That was a case of a Bank having granted a loan to its customer. The respondents in that case agreed to repay the loan on execution of demand promissory note and the deed of hypothecation. The loan was not repaid. The Bank sued for recovery. The question of limitation arose. Initially the loan was granted in State of Goa, Daman and Diu. What the Court had to consider was whether the PCC applied as local or special law in terms of section29(2) of the Limitation Act to such a case, or whether the remedy under the PCC could be deemed to be impliedly repealed. Article 535 of the PCC was involved. It specified the period of limitation of 20/30 years by the Bank to sue for recovery.
In para 3 of the judgment, the Court considered that where a cause of action had arisen outside Portuguese law it having arisen under the Negotiable Instruments Act, 1881 and the Contract act, 1872, the period of limitation under the PCC would not apply and the rights of the parties would be governed by the Indian Limitation Act. The Supreme Court considered the judgment in the case of (Cadar Construction Vs. Tara Tiles), MANU/MH/0297/1984 : 1984 (2) Bom.C.R. 530(P.B.) : A.I.R. 1984 Bombay 258 in which this Court, inter alia, held relying upon the case of Justiniano Augusto De Piedade Barreto Vs. Antonio Vicente Da Fonseca and others (supra) that the PCC was a local law relating to the period of limitation, but was also a special law dealing with the rights and liabilities under the Code and hence, if a cause of action arose under the PCC, the period of limitation based upon that cause of action would be the period mentioned in the PCC itself. If, however, the cause of action arose outside the Portuguese law, then that part of the law dealing with the limitation would not apply. The cause of action in a suit based on the law outside Portuguese law would be governed by the Limitation Act, 1963.

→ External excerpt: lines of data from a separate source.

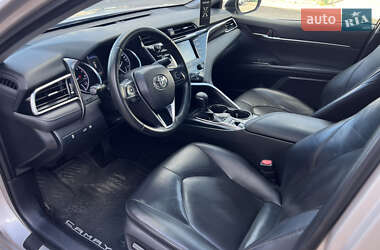 Седан Toyota Camry 2017 в 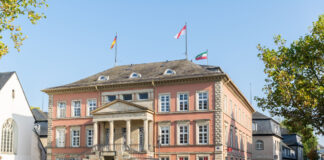 Detmold: Öffentliche Toiletten im Rathaus bis mittags geschlossen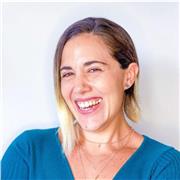 Profesora de diseño gráfico, edición audiovisual y marketing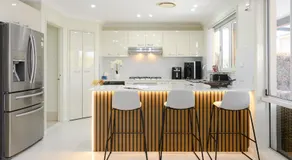 6BR House & Gym Walk to Moorebank Train Station - Image 4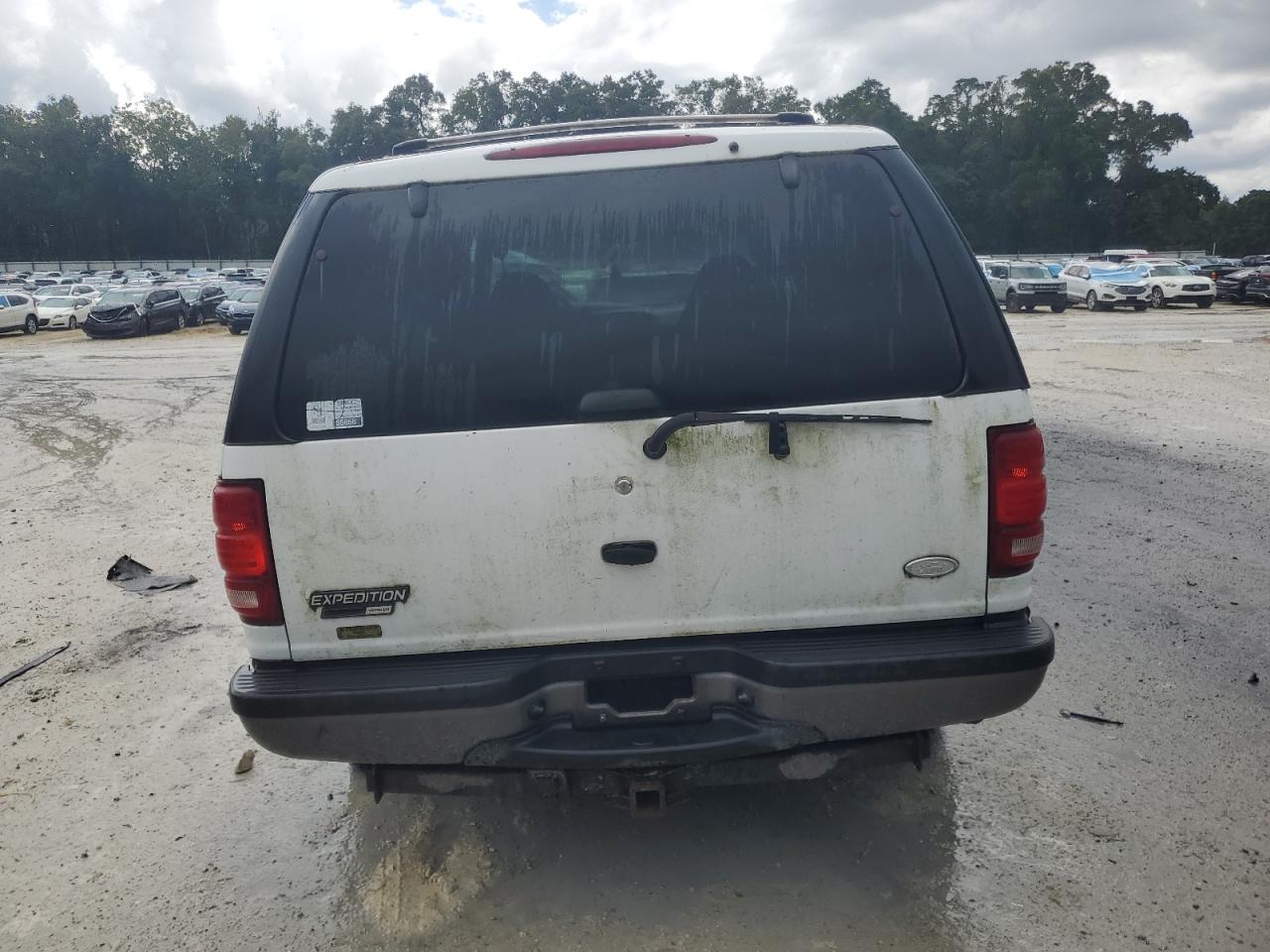 2001 Ford Expedition Xlt VIN: 1FMPU16L91LA69632 Lot: 81785695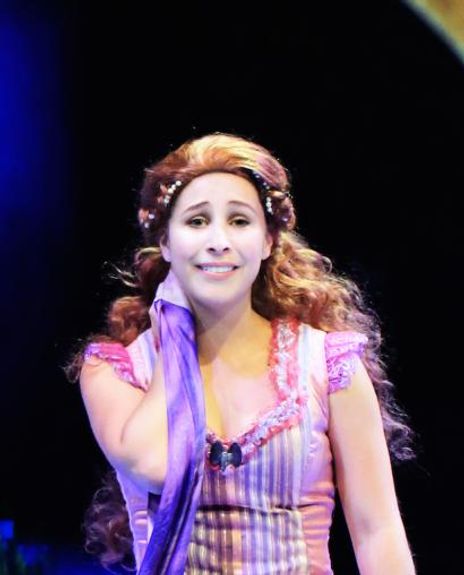 Emily Fallon Headshot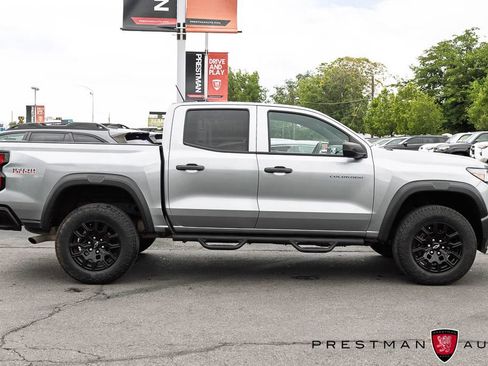 Used 2023 Chevrolet Colorado Trail Boss AWD/4WD image 18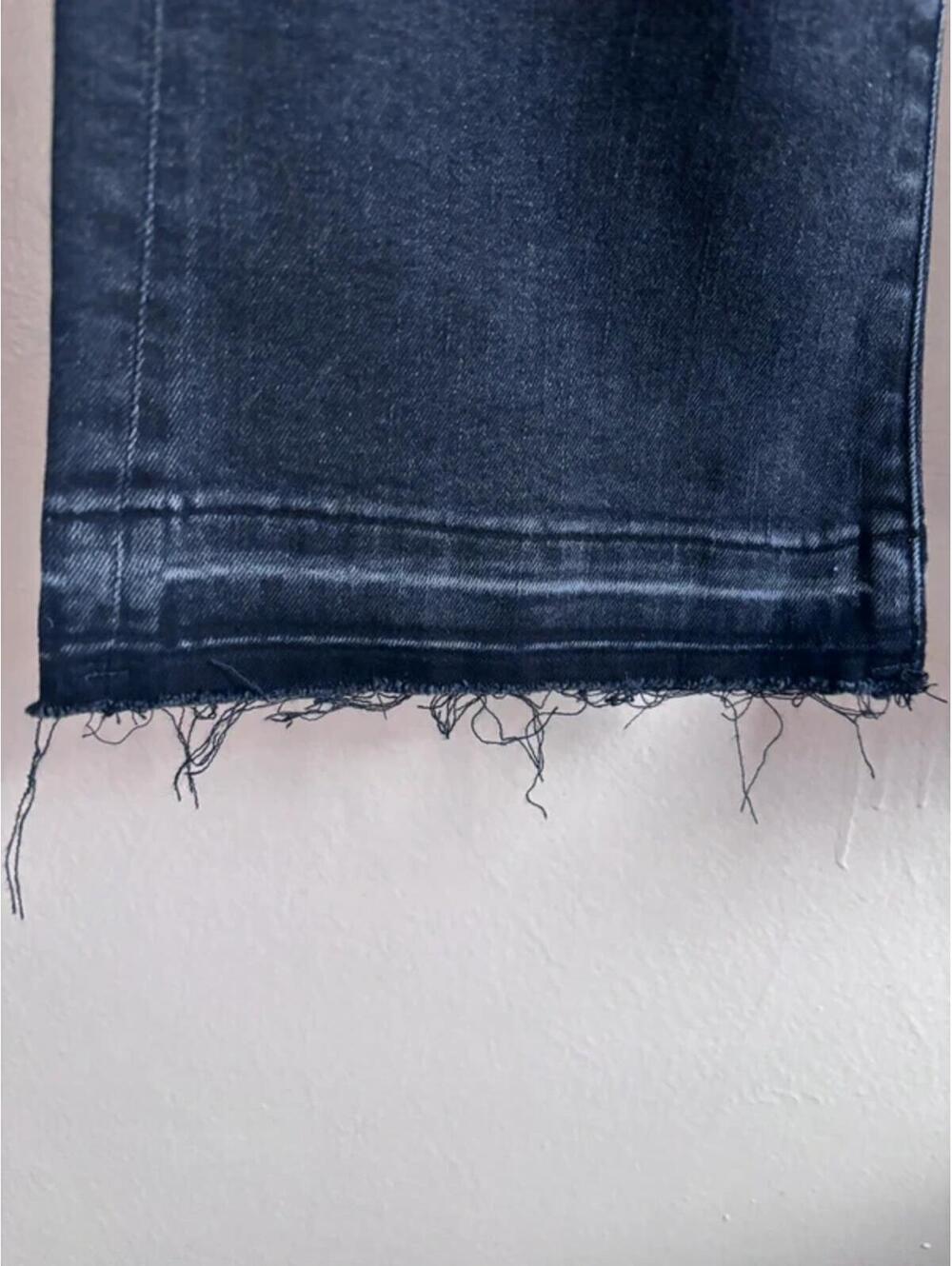 LOFT High Waist Flare Crop Jeans in Black size 6 - Picture 4 of 5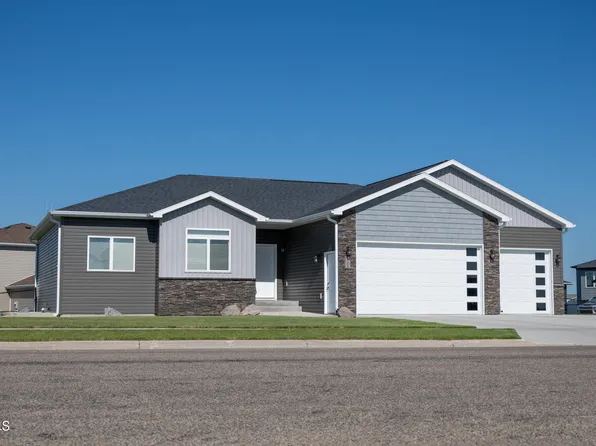 3208 Percheron Dr SE, Mandan, ND 58554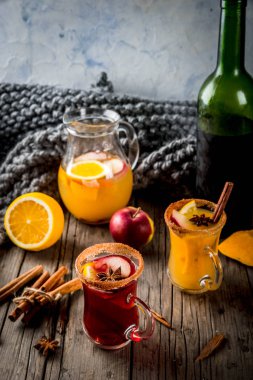 Beyaz ve kırmızı sıcak sangria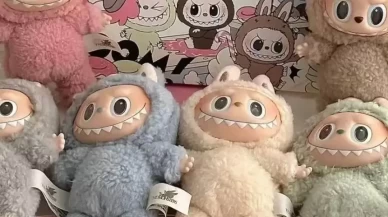 Labubu çılgınlığı! Sevimliliğiyle korkutuyor, fiyatlarıyla şaşırtıyor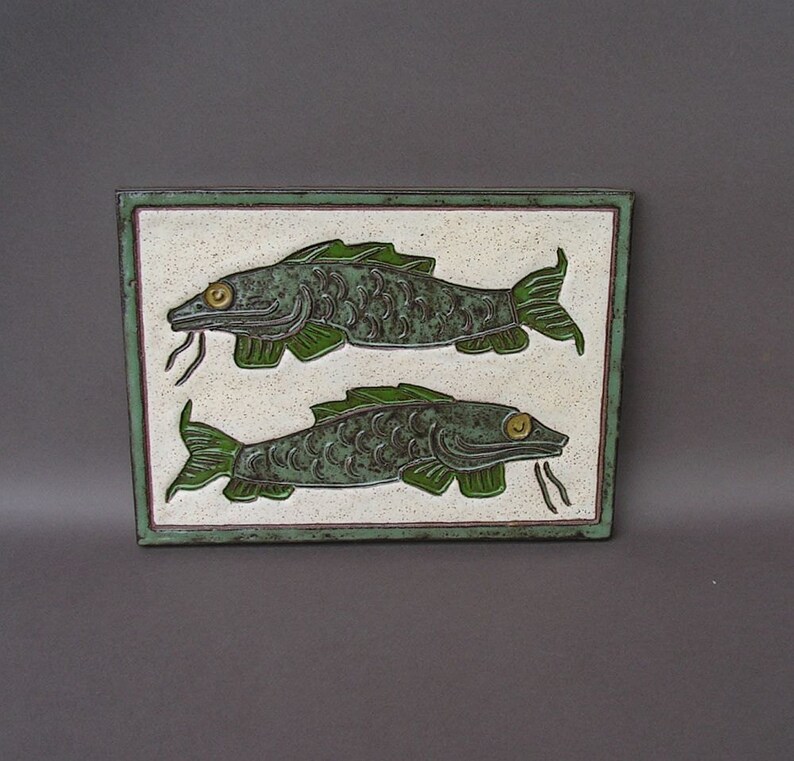 Stoneware tile with two green carp image 1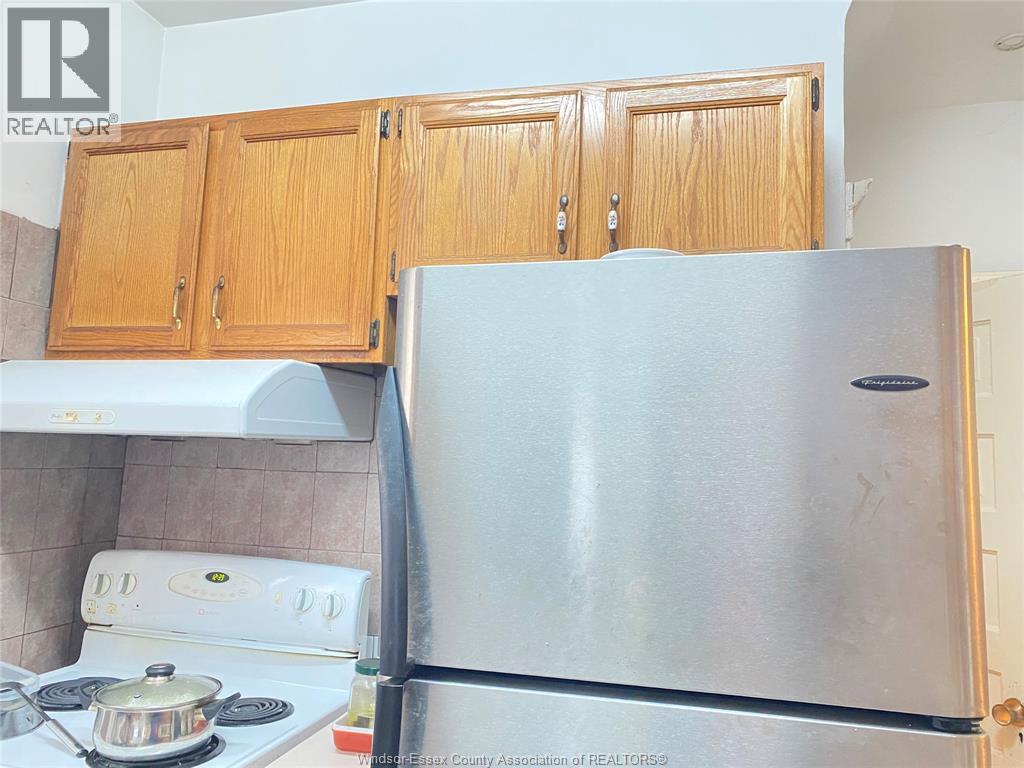 876 Dougall Avenue, Windsor, Ontario  N9A 4R1 - Photo 8 - 26000140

In para 4 of the judgment, the Supreme Court enumerated various Limitation Acts, enacted initially by the British and later by the Indian Parliament, being the Act of 1859 which came to be repealed by the Act of 1908 and which was in turn repealed by the Act of 1963.
In para 7 of the judgment, the Court accepted the fact that the PCC contained details of multiple laws, including the law of limitation.
In para 11 of the judgment, the Court held that the PCC was a complete Code in itself dealing with various rights and liabilities of citizens and the limitation for the enforcement of such rights. The limitation period for those rights, therefore, could not but be said to arise from the PCC and not de hors the same.
In para 12 of the judgment, the Court observed that the Negotiable Instruments Act, 1881, Indian Contract Act, Sale of Goods Act and Transfer of property Act were brought into effect in Goa from 1st December, 1965. Hence, these legislations came to be made applicable to the State of Goa by the appropriate legislative authority. The promissory note signed by the respondents in that case was under the Negotiable Instruments Act. The deed of hypothecation signed by the respondents was a contract under the Indian Contract Act, both of which stood applied to the State of Goa.
In para 13 of the judgment, the Court observed that Article 535 of the PCC regulated contracts. That was replaced by the Indian Contract Act. Hence, the Court held that the period of limitation prescribed under Article 535 could not survive as an independent provision. It was replaced upon adaptation of the Contract Act. The Supreme Court observed:
It thus cannot but be said to be an implied repeal.
The necessity of expression "repeal" was not even considered.
In para 13 of the judgment, the Supreme Court held that either the Chapter survives in its entirety or it parishes in its all spheres - it is one chapter dealing with contract and prescribed the period of enforcement of the same, no dissection is possible.
Again in para 17, the Supreme Court has observed,
...either the Code applies in its entirety or it does not - there is no half may about it.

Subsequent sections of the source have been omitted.